【今月の視点】歴史の大きな岐路に立って

小西隆裕

150年前、欧米覇権が「黒船」に乗って押し寄せてきた。今は、アジアと世界の民意の奔流だ。これにどう対するか。それが問われていると思う。

■国益、主権、民意第一の奔流とトランプ暴流
今、世界は、国と民族を否定したグローバリズムの時代とは大きく変わった。自国の国益第一、主権第一の民意の奔流が世界を席巻している。

その勢いは、今年になっても収まっていない。イタリア、マレーシア、メキシコでの圧勝。シリアではアサド政権の勝利が確定的だ。だが、事は簡単ではない。と同時に顕著なのが今の時代を「エゴ」「独裁」「ポピュリズム」等々と見る声の高まりだ。国益はエゴ、主権は独裁、民意の進出はポピュリズム。その代表選手が米大統領、トランプだ。

しかし、考えても見よう。広範な国民大衆が自分の国の国益を第一にし、その主権を守るのは間違ったことなのか。
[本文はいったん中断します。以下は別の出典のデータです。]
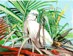Oct 10
Cockatoo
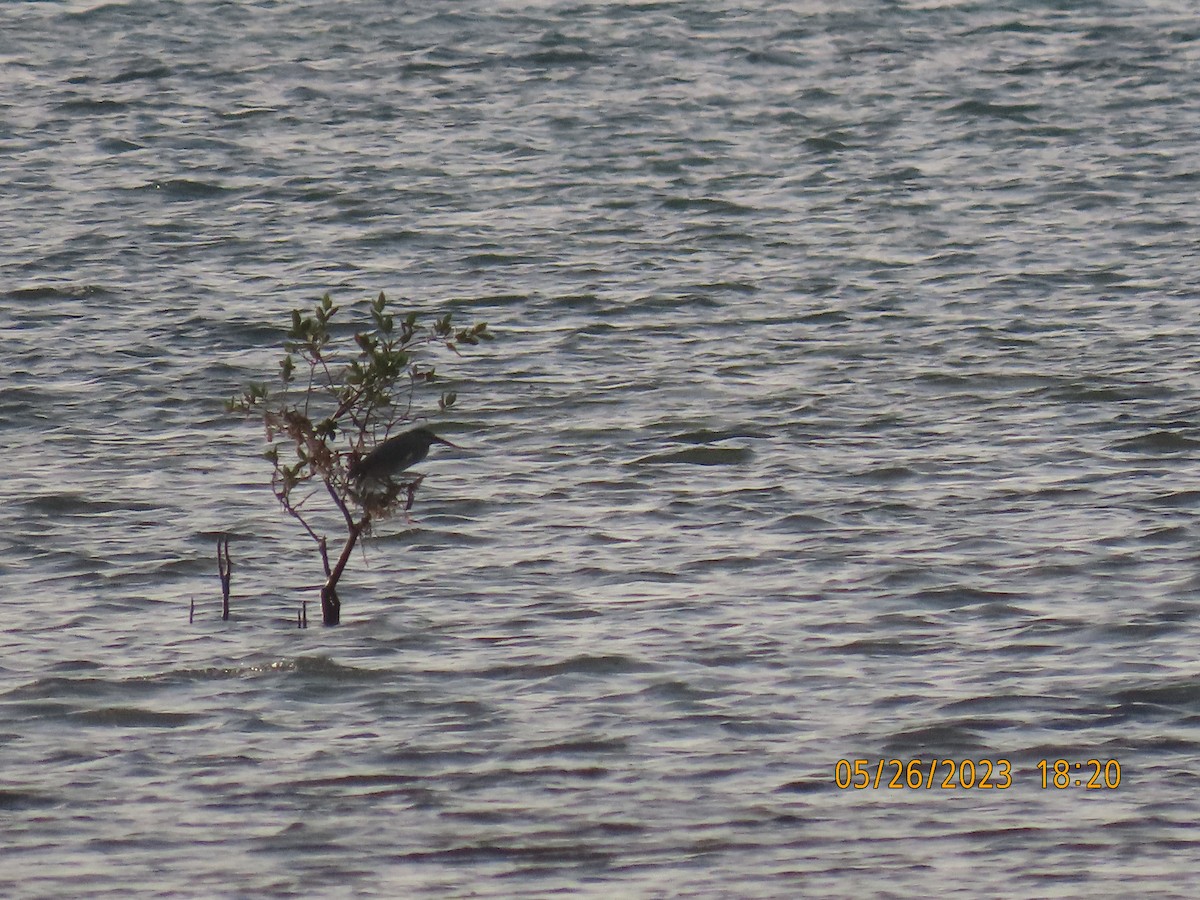 Striated Heron - ML578358841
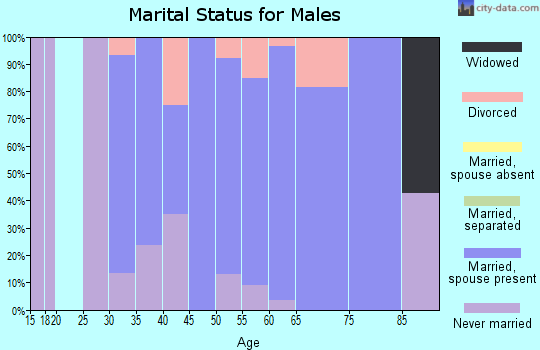 Zip code 99113 marital status for males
そして、それとトランプの言う「アメリカ・ファースト」は同じものなのか。

はっきりしているのは、両者は似て非なる別物だということだ。トランプの「アメリカ・ファースト」、それは、自国の国益を他国に押しつけ、世界の利益に背反する、国益ならぬ「エゴ」であり、世界各国の主権の上に君臨する、主権ならぬ「覇権」、民意に応えるのではなく、民意を利用する、「ポピュリズム」・独裁だ。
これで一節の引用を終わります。